I received two comments from a recent post about the David Suzuki show The Bottom Line. The comments weren’t about the content for that post but the two posts I linked to, about Food Inc, and other rants about agriculture and our factory farm practices. You can check out the comments and my reply’s by following these links to Seriously Now and A Way Forward.

I think comments are great, I really appreciate them. These ones had  me thinking about how and what we think ‘sustainable’ is. The commentor says “What is sustainable? Are they what actually works, or only ‘sustainable’ if they fit into someone’s preconceived ideas. If the current form of agriculture in the U.S. will feed the most people why is it not sustainable?” Great question! This is the essence of Michael Pollan’s, Joe Salatin’s and others argument, and what David Suzuki is exploring in his series on Soil (have you listened to the podcasts?).

I am reading the book The End of the Long Summer by Dianne Dumanoski. If you are interested in the environment, our species and what the future requires to survive our misguided choices, read this book.
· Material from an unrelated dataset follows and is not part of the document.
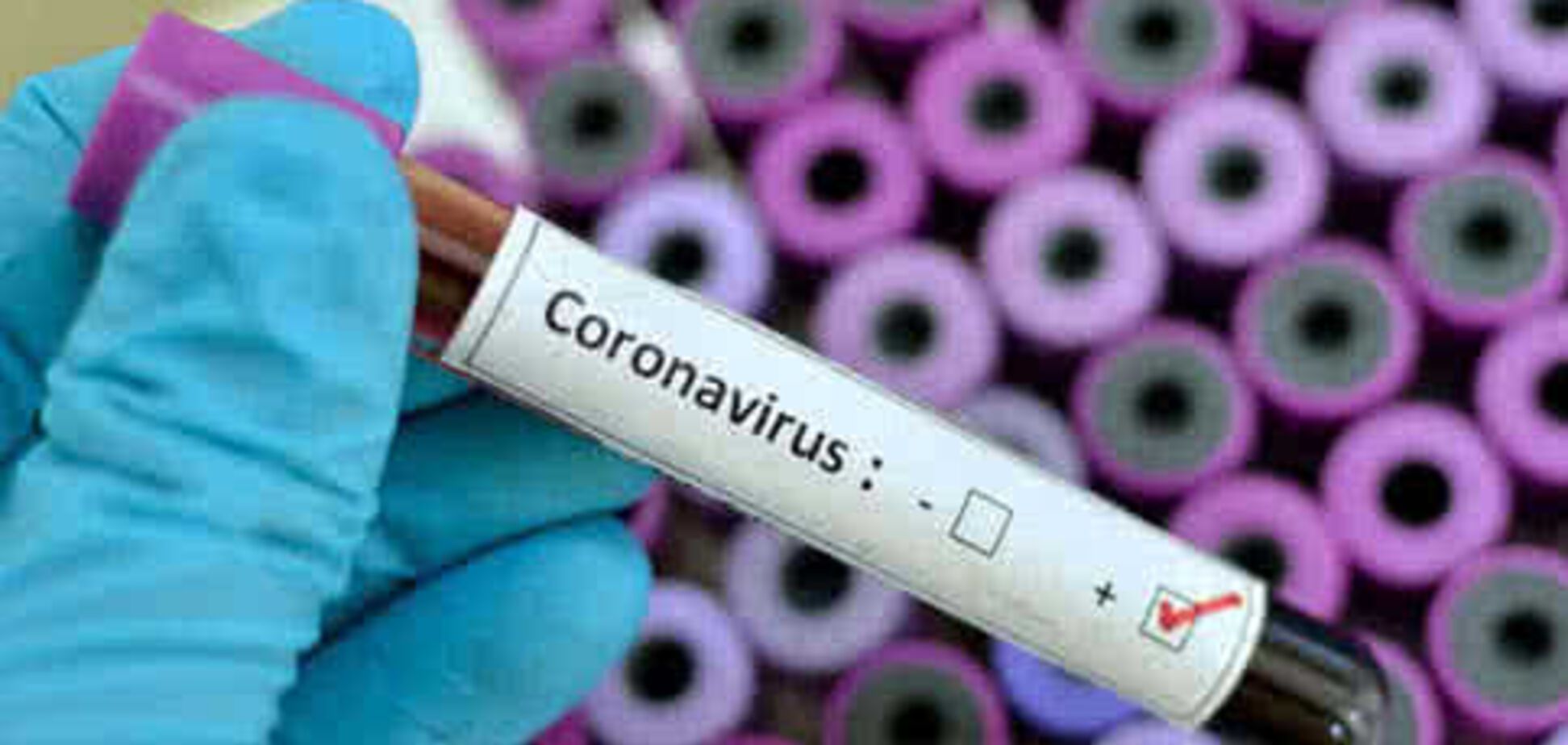 У Молдові перше зараження коронавірусів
If you are interested in thinking of the greater systems at play that need to interact in order to prepare us and our future generations for the world we can no longer predict, read this book. If you want to understand how we got here, to this day in 2010 and have the problems we are facing like global warming, increased populations of starving people and increasing violence and discontent, read this book. If you want to learn how we can face it and prepare and succeed, read this book. Here is an excerpt on how we can think differently about ‘sustainable’.

“Without the torrent of energy, for example, the world’s population could never have expanded fourfold in the twentieth century. The amount of land devoted to agriculture grew by only one third during this period, yet the global harvest multiplied sixfold, mainly because of a breathtaking eightyfold increase in the use of energy to produce food. New crop varieties that fuelled the Green Revolution required more synthetic fertilizer, pesticides, irrigation to deliver their impressive yields, and all of this demanded far more energy. ‘Industrial man no longer eats potatoes made from solar energy,’ as the celebrated ecologist Howard T. Odum put it. ‘Now he eats potatoes partly made of oil.’ Today the U.S. food system uses ten kilocalories of fossil energy to deliver a single kilocalorie of food energy to the supermarket. American farmers who produce this food expend three kilocalories of fossil energy for every kilocalorie of harvest.”

If you are still reading this, that’s great, this is important. Now I am sure putting food on the tables of American, Canadian and others (growing) population is sustainable to most people. I’d argue that we are currently tipping the scales into a great period of duress with our current practices. I am not an expert but the evidence is mounting. Dianne Dumanoski, James Lovelock, Paul Hawken and others like them are making this point very clear.

On CBC today there was an interesting episode of In the Field that explored a ‘slow money’ movement. Similar and supportive of the ‘slow food’ movement, it is a way that economists and agriculture are integrating their thinking to solve current issues created by factory and big agriculture. The small, sustainable farms (aka the Joe Salatin’s of the world) can not raise capital without hitting up regular venture capitalists. The venture capitalists want 20% returns on their investment. We have come to ‘expect’ these returns as one broker says on the show. If we slow down, fit with the times and except a 5-6% return, we can shift our investments to companies that are not large public corporations but small operations attempting to build sustainable practices. Frankly, these are the people who will help us figure out what to do in the future as we split at the seams. However, the ‘market’ doesn’t make these investments easy to do, the market system at play doesn’t support a new way of investing.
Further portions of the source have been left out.